Output the full listing exactly as written, with no pictures in it.

> Data below:
********************

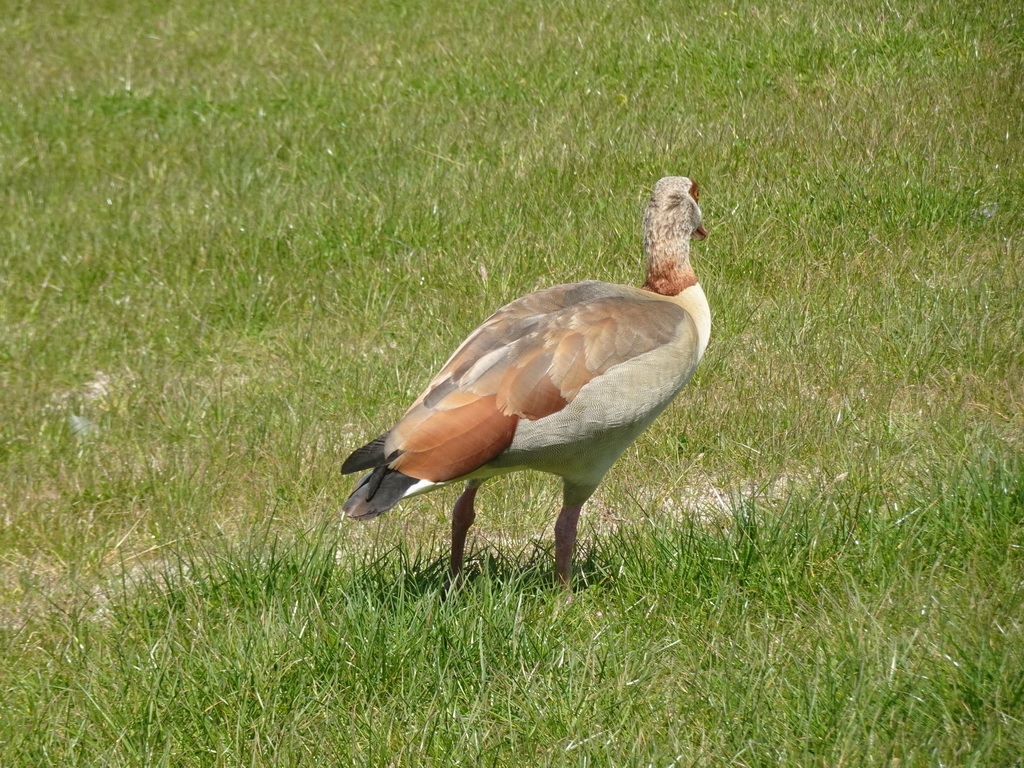 Duck at the Parque da Cidade do Porto park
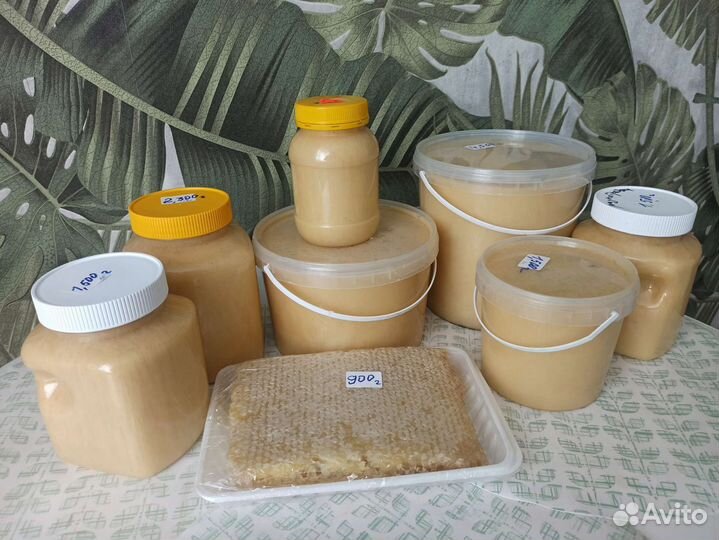 Свежий мёд 2023 год. И мёд 2022год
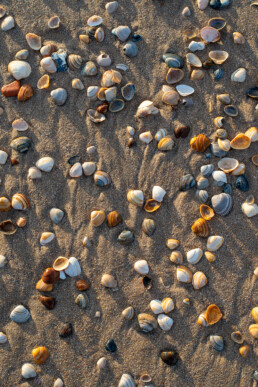 Schelpen in zonlicht op het strand bij Egmond-Binnen | © Ronald van Wijk Fotografie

********************

> Answer section:
 Duck at the Parque da Cidade do Porto park
 Свежий мёд 2023 год. И мёд 2022год
 Schelpen in zonlicht op het strand bij Egmond-Binnen | © Ronald van Wijk Fotografie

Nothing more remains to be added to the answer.